At the caucus a machine Republican spoke eloquently on behalf of the deal. It involved an alliance with the Tammany members (breathing vengeance, now, upon the regular Democrats for denying them committee seats) to take away the Speaker’s power of appointment. But this Roosevelt considered to be constitutionally irresponsible and politically demeaning. “As no one seemed disposed to take up the cudgels, I responded, and pitched into him mercilessly and we had rather a fiery dialogue.” Again the young man was successful: his objections were upheld by a narrow vote.

Next morning Roosevelt woke to find himself, if not famous, at least the hero of some liberal newspapers. “Rarely in the history of legislation here,” declared the New York Herald, “has the moral force of individual honor and political honesty been more forcibly displayed.” Privately Roosevelt could take pride in the fact that he had managed to impose his will on his party, without embarrassing it on the floor of the House. “I hate to bolt if I can help it,” he informed his diary.

The tempo of legislation picked up, and the young reformer became aware of the full extent of corruption in New York State politics. About a third of the entire Legislature was venal, Roosevelt calculated. He was shocked to see members of the Black Horse Cavalry openly trading in the lobbies with corporate backers, and he paid particular attention to the bills they were bribed to sponsor—bills worded so ambiguously as to deceive well-meaning legislators.

But for every such bill there were at least ten whose corruptive power was all but impossible to monitor in advance. These “strike” bills were introduced to restrict, not favor, corporations. They seemed to be in the public interest, and redounded greatly to the credit of their sponsors—who, as Roosevelt succinctly put it, “had not the slightest intention of passing them, but who wished to be paid not to pass them.” In other words blackmail, not bribery, was the principal form of corruption in the Assembly.

Roosevelt was confronted with a prime example of such legislation early in March. Representatives of the Manhattan Elevated Railroad asked him to sponsor a bill granting their corporation monopolistic control over the construction of terminal facilities in New York City. Since the sums involved in such construction were huge, the lobbyists said they were “well aware that it was the kind of bill that lent itself to blackmail,” and looked to Roosevelt to ensure that it was voted upon honestly. The young assemblyman scrutinized it carefully. He found that the bill was “an absolute necessity” and agreed to sponsor it, on condition that “nothing improper” was done on its behalf.

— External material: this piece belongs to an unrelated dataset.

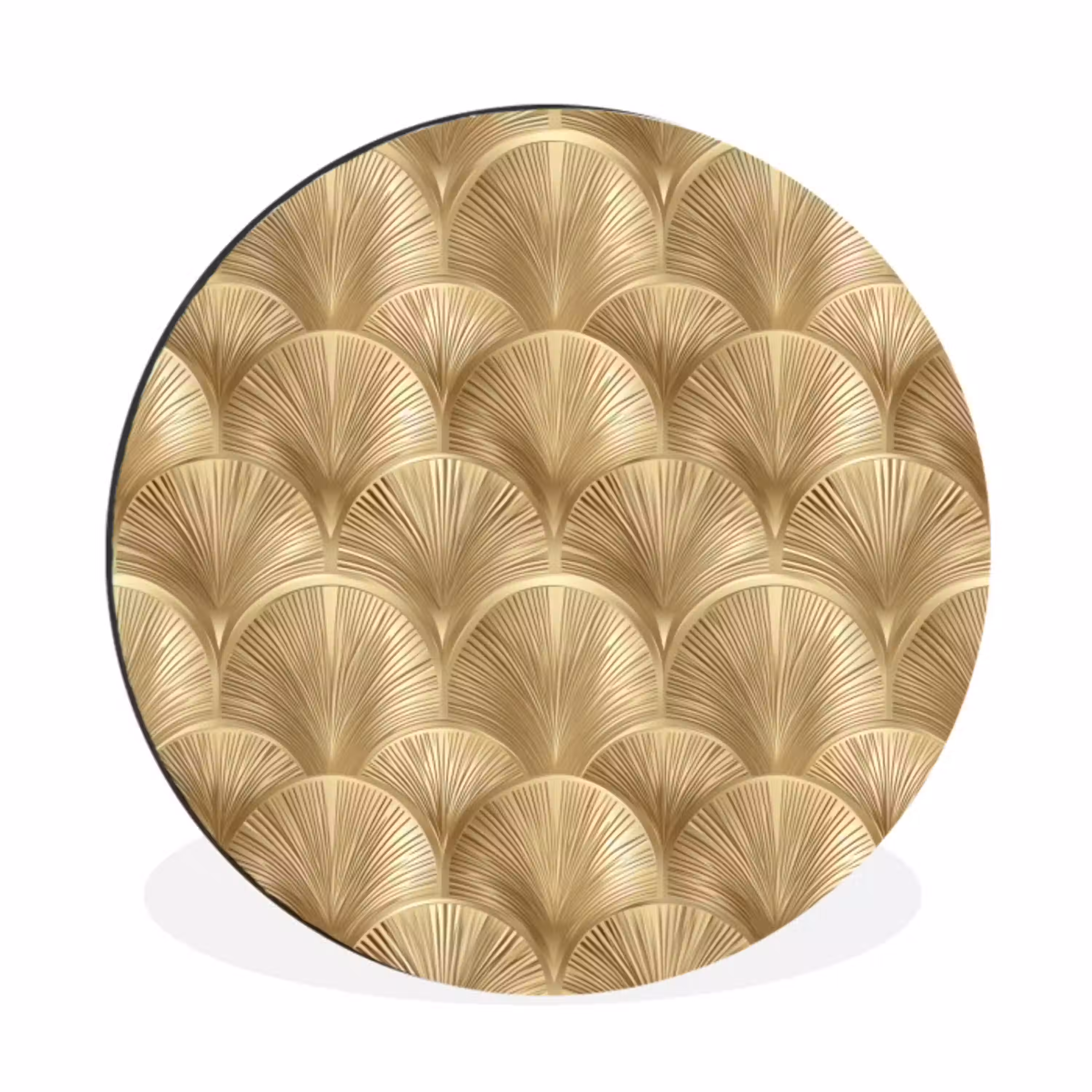Patroon - Waaier -  Goud Wandcirkel aluminium klein 190 -3d
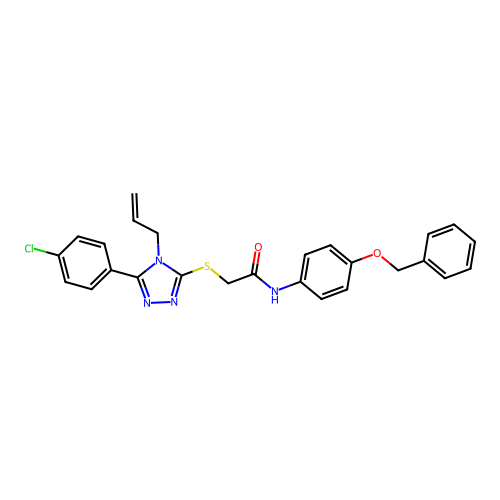 N-[4-(benzyloxy)phenyl]-2-{[5-(4-chlorophenyl)-4-(prop-2-en-1-yl)-4H-1,2,4-triazol-3-yl]sulfanyl}acetamide structure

No sooner had the bill come up before the Cities Committee, of which Roosevelt was then acting chairman, than corrupt members, scenting the spoils of blackmail, combined to delay its progress. Exasperated, Roosevelt decided to force it through. Since the spoilsmen included Big John MacManus and J.J. Costello, he was aware that something more than parliamentary skill might be required. “There was a broken chair in the room, and I got a leg of it loose and put it down beside me where it was not visible, but where I might get at it in a hurry if necessary. I moved that the bill be reported favorably. This was voted down without debate by the ‘combinesome of whom kept a wooden stolidity of look, while others leered at me with sneering insolence. I then moved that it be reported unfavorably, and again the motion was voted down by the same majority and in the same fashion. I then put the bill in my pocket and announced that I would report it anyhow. This almost precipitated a riot, especially when I explained … that I suspected that the men holding up all report of the bill were holding it up for purposes of blackmail. The riot did not come off; partly, I think, because the opportune production of the chair-leg had a sedative effect, and partly owing to wise counsels from one or two of my opponents.”